Skip to contents

1 Overview

openalexSnowball provides snowball search utilities that build on the openalexPro pipeline. A snowball search starts from a set of key papers and follows citation links to collect cited and citing works. Results are stored on disk as parquet datasets and can be loaded back into R using read_snowball().

2 Basic workflow

2.1 1. Define keypapers

Keypapers can be identified by OpenAlex IDs or DOIs.

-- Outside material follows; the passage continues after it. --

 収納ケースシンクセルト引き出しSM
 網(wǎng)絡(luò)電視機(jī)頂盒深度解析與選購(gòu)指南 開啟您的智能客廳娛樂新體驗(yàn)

snowball_dir <- "./snowball_ids"
pro_snowball(
  identifier = c("W2741809807", "W2755950973"),
  output = snowball_dir,
  verbose = TRUE
)
snowball_dir_dois <- "./snowball_dois"
pro_snowball(
  doi = c("10.1016/j.joi.2017.08.007", "10.7717/peerj.4375"),
  output = snowball_dir_dois,
  verbose = TRUE
)

3 Reading results

Use read_snowball() to load nodes and edges. The output can be an Arrow Dataset (default) or collected into memory as tibbles.

snowball <- read_snowball(
  snowball = snowball_dir,
  edge_type = c("core", "extended"),
  return_data = TRUE,
  shorten_ids = TRUE
)

snowball$nodes
snowball$edges

4 Output layout

A snowball search writes a folder structure similar to the following:

snowball/
├── cited_json/
├── cited_jsonl/
├── citing_json/
├── citing_jsonl/
├── edges/
├── keypaper_json/
├── keypaper_jsonl/
├── keypaper_parquet/
└── nodes/

5 Tips

  • Use return_data = FALSE to keep large datasets on disk.
  • Use edge_type = "core" when you only need edges involving keypapers.